- [TASK INSTRUCTIONS] The number of lines below containing the word "Gold" is all that should be returned.

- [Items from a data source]
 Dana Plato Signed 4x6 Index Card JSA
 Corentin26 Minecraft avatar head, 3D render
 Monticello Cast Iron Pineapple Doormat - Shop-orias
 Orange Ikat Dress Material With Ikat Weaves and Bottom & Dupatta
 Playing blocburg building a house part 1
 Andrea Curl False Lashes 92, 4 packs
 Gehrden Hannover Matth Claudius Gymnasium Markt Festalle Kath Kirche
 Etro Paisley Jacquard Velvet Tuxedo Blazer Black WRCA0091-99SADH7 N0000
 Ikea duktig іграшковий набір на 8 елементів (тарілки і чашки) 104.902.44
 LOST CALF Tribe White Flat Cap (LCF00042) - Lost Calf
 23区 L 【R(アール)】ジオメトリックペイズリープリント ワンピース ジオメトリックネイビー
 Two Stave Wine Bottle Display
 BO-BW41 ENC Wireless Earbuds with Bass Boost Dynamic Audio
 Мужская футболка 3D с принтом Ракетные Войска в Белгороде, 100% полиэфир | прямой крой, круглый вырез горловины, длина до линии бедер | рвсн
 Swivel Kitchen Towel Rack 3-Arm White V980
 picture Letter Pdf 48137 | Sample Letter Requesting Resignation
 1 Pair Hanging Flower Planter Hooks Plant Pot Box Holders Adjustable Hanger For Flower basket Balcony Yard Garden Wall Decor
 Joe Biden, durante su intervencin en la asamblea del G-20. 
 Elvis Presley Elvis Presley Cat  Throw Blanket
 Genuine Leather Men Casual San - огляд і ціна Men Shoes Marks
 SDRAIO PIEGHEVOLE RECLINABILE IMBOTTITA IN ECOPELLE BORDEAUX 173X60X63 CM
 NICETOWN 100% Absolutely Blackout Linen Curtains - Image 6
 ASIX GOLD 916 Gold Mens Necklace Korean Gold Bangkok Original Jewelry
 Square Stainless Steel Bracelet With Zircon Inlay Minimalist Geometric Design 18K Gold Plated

- [RESPONSE BOX] 2